PROVIDED MATERIAL:
>>>

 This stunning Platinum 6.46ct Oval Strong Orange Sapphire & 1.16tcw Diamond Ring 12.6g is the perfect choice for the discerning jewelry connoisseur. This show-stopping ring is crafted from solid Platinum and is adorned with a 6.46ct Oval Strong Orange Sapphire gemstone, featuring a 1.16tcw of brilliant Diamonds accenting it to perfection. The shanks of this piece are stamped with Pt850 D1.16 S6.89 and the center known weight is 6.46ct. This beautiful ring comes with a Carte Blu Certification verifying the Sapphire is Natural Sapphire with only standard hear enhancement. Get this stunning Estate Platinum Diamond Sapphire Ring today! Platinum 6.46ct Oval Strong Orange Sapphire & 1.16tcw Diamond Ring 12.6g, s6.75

<<<
>>>

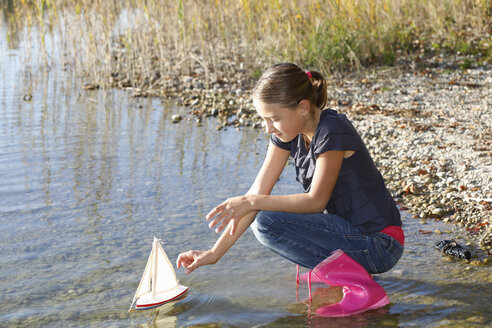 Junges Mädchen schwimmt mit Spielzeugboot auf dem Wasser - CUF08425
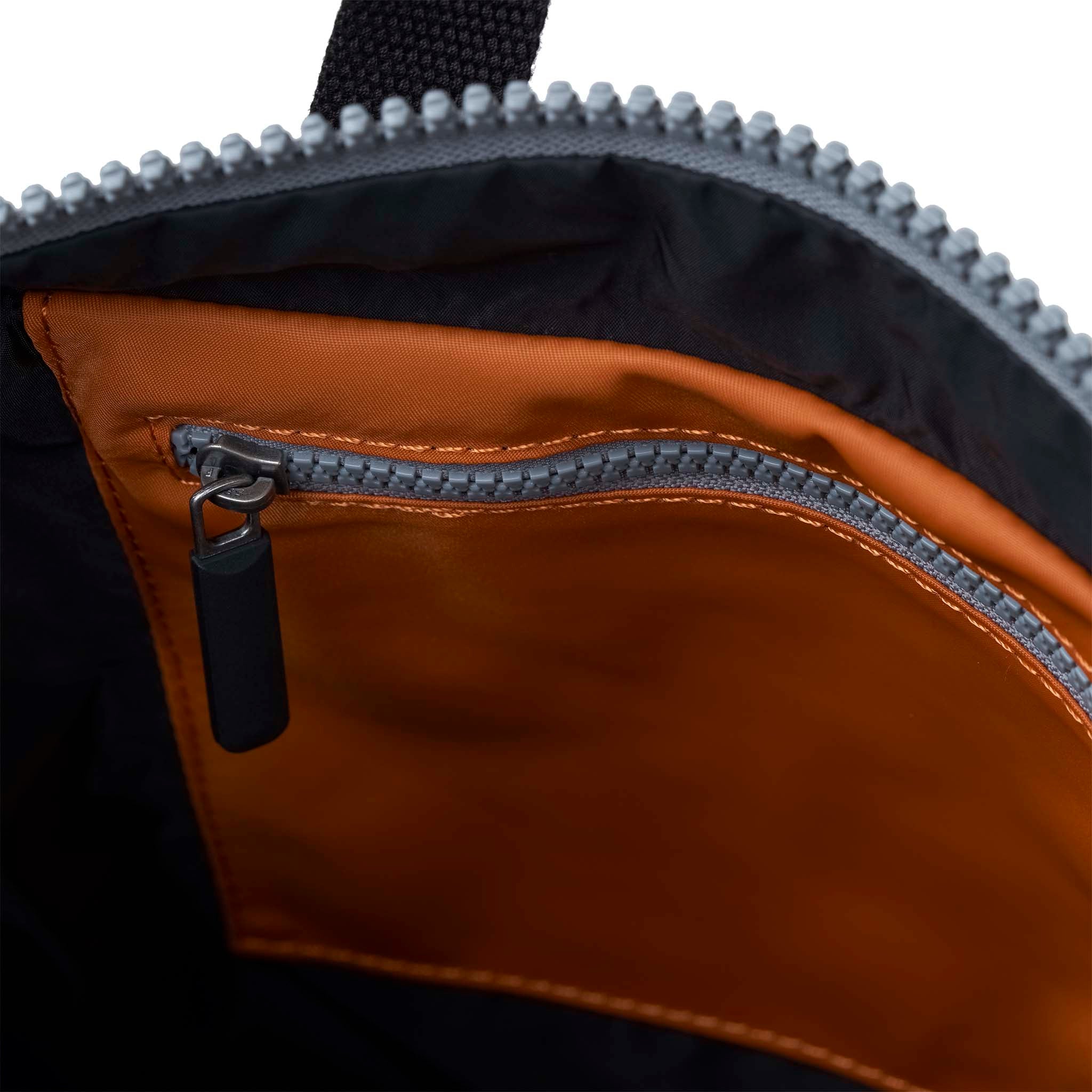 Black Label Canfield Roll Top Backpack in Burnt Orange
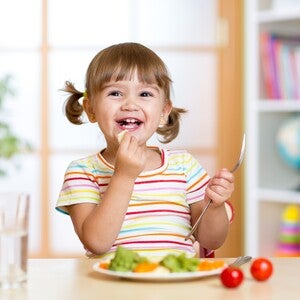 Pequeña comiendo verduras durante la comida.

<<<

THE TASK: Leaving out all pictures, set down exactly the lines of the material above, from the line with "Junges Mädchen schwimmt" to the line with "Pequeña comiendo verduras durante la comida." inclusive, and no others.

EXERCISE ANSWER:
 Junges Mädchen schwimmt mit Spielzeugboot auf dem Wasser - CUF08425
 Black Label Canfield Roll Top Backpack in Burnt Orange
 Pequeña comiendo verduras durante la comida.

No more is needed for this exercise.